## Exercise directions
All of the data must be printed exactly; please include every line.

START Data shown

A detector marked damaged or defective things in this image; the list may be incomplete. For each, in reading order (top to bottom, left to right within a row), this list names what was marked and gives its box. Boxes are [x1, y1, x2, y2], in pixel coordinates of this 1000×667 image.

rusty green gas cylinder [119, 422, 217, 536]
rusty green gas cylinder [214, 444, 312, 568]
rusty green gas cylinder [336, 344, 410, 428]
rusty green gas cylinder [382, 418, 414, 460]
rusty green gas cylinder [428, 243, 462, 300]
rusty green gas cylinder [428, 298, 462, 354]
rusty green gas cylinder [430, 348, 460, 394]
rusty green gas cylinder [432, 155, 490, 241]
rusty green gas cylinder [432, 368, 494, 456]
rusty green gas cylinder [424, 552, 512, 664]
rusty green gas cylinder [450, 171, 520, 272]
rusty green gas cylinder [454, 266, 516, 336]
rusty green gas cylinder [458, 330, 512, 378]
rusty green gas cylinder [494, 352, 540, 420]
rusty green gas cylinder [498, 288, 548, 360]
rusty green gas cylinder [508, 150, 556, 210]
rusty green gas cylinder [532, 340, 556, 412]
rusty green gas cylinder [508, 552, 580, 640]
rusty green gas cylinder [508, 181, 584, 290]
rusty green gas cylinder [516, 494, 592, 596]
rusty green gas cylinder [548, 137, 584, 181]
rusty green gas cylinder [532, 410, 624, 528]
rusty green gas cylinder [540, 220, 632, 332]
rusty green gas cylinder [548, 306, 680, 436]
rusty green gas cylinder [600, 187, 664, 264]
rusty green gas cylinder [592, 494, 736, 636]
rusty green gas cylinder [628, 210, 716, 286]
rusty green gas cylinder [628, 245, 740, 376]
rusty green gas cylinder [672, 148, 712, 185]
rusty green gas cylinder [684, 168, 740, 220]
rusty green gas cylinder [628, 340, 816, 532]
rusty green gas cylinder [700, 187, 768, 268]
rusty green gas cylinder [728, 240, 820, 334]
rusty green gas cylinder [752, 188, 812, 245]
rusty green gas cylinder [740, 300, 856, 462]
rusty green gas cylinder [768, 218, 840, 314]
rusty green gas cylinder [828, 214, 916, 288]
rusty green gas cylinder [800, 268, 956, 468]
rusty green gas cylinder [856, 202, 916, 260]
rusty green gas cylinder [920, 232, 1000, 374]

END Data shown

## Written response
A detector marked damaged or defective things in this image; the list may be incomplete. For each, in reading order (top to bottom, left to right within a row), this list names what was marked and gives its box. Boxes are [x1, y1, x2, y2], in pixel coordinates of this 1000×667 image.

rusty green gas cylinder [119, 422, 217, 536]
rusty green gas cylinder [214, 444, 312, 568]
rusty green gas cylinder [336, 344, 410, 428]
rusty green gas cylinder [382, 418, 414, 460]
rusty green gas cylinder [428, 243, 462, 300]
rusty green gas cylinder [428, 298, 462, 354]
rusty green gas cylinder [430, 348, 460, 394]
rusty green gas cylinder [432, 155, 490, 241]
rusty green gas cylinder [432, 368, 494, 456]
rusty green gas cylinder [424, 552, 512, 664]
rusty green gas cylinder [450, 171, 520, 272]
rusty green gas cylinder [454, 266, 516, 336]
rusty green gas cylinder [458, 330, 512, 378]
rusty green gas cylinder [494, 352, 540, 420]
rusty green gas cylinder [498, 288, 548, 360]
rusty green gas cylinder [508, 150, 556, 210]
rusty green gas cylinder [532, 340, 556, 412]
rusty green gas cylinder [508, 552, 580, 640]
rusty green gas cylinder [508, 181, 584, 290]
rusty green gas cylinder [516, 494, 592, 596]
rusty green gas cylinder [548, 137, 584, 181]
rusty green gas cylinder [532, 410, 624, 528]
rusty green gas cylinder [540, 220, 632, 332]
rusty green gas cylinder [548, 306, 680, 436]
rusty green gas cylinder [600, 187, 664, 264]
rusty green gas cylinder [592, 494, 736, 636]
rusty green gas cylinder [628, 210, 716, 286]
rusty green gas cylinder [628, 245, 740, 376]
rusty green gas cylinder [672, 148, 712, 185]
rusty green gas cylinder [684, 168, 740, 220]
rusty green gas cylinder [628, 340, 816, 532]
rusty green gas cylinder [700, 187, 768, 268]
rusty green gas cylinder [728, 240, 820, 334]
rusty green gas cylinder [752, 188, 812, 245]
rusty green gas cylinder [740, 300, 856, 462]
rusty green gas cylinder [768, 218, 840, 314]
rusty green gas cylinder [828, 214, 916, 288]
rusty green gas cylinder [800, 268, 956, 468]
rusty green gas cylinder [856, 202, 916, 260]
rusty green gas cylinder [920, 232, 1000, 374]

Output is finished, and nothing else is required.